Edit: Is this the correct idea? The closed sets of $\mathbb{A}^1$ are $\mathbb{A}^1$ itself, and the finite sets. But $\mathbb{A}^1$ cannot be isomorphic to a difference of finite sets for cardinality reasons, nor can it be isomorphic to a difference of $\mathbb{A}^1$ and a nonempty finite set, since the latter is disconnected?
It is important to note that if $X$ is an irreducible variety, and $U\supset W$ are closed subsets, then either $X=U$ or $\dim U < \dim X$. So the only locally closed subsets of $X$ that could possibly be isomorphic to $X$ are the open subsets.
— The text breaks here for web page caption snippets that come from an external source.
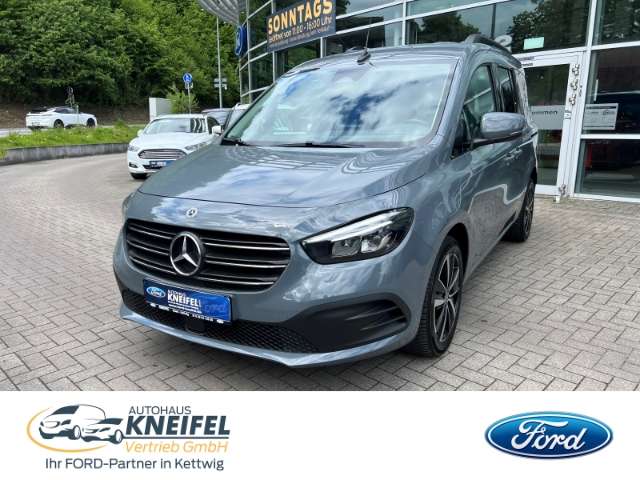 Mercedes-Benz Citan 44.000 km 22.950 &euro; Essen-Kettwig 45219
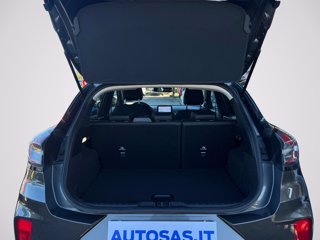 FORD Puma 1.0 EcoBoost Hybrid 125 CV S&S Titanium X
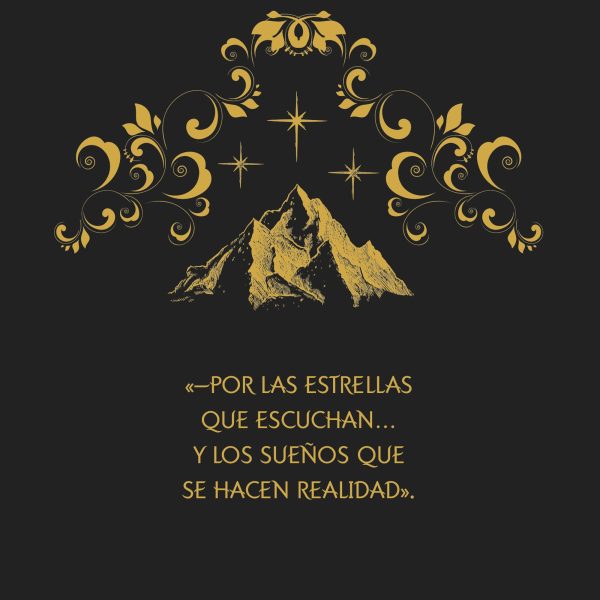 UNA CORTE DE NIEBLA Y FURIA. EDICIÓN ESPECIAL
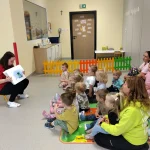 Króliczki - tyci wielorybek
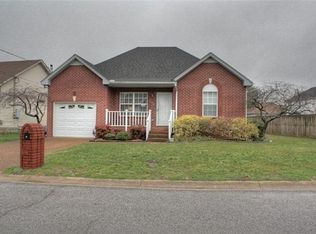 508 Titan Ct, Antioch, TN 37013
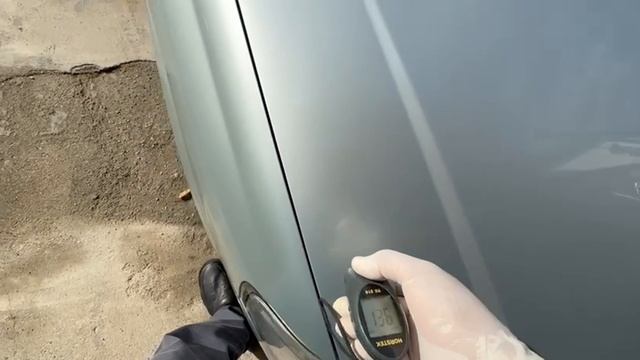 Видео обзор  Nissan Almera Classic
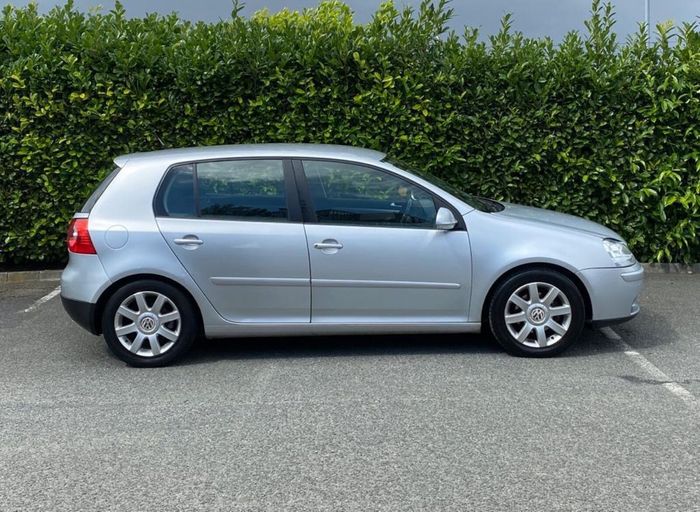 Volkswagen Golf 2006
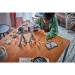 LEGO® Star Wars™: korakajoči AT-AT™ Obnovljenega cesarstva z INT-4
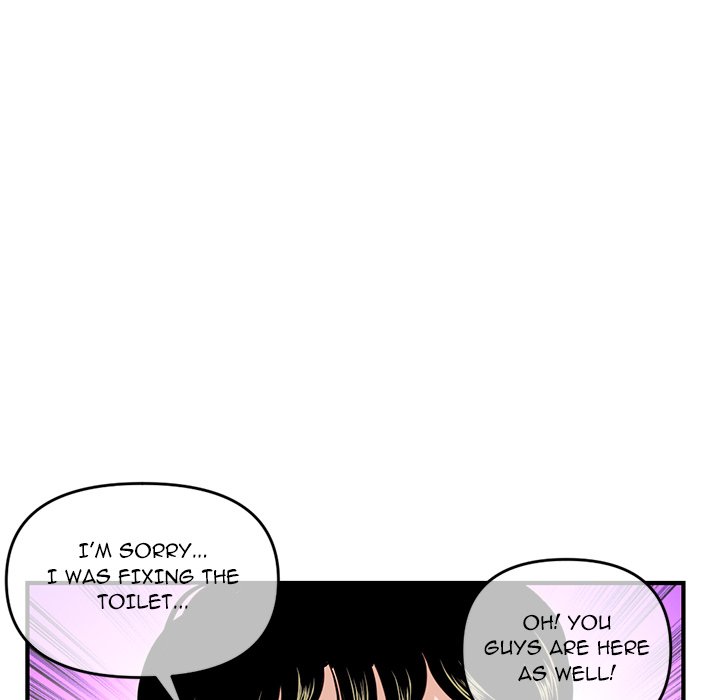 Midnight PC Cafe Chapter 13 - Manhwa18.com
In fact, I believe that no noetherian topological space is homeomorphic to a non-open, locally-closed subset of itself, but I haven't thought about this in too much detail.
Note that $\mathbb{A}^1$ is homeomorphic to $\mathbb{A}^1 \setminus \{0\}$ as topological spaces, as both are cofinite topologies on sets of the same cardinality.
But these are not isomorphic as varieties; in fact, I claim that the number of missing points is an isomorphism invariant: if $\mathbb{A}^1 \setminus \{p_1,\cdots , p_m\} \cong \mathbb{A}^1 \setminus \{p_1,\cdots , p_n\}$ for $m,n\geq 0$, then $m=n$.
This is easy to see using the uniqueness of completion for curves, but here is a "low-tech" proof: Let $X=\mathbb{A}^1 \setminus \{p_1,\cdots , p_n\}$. The coordinate ring $R$ of $X$ is $k[T]$, with $T-p_1, \cdots , T-p_n$ inverted.
We can compute that $R^\times / k^\times \cong \mathbb{Z}^n$ as abelian groups. And $\mathbb{Z}^m \cong \mathbb{Z}^n \implies m=n$ (exercise).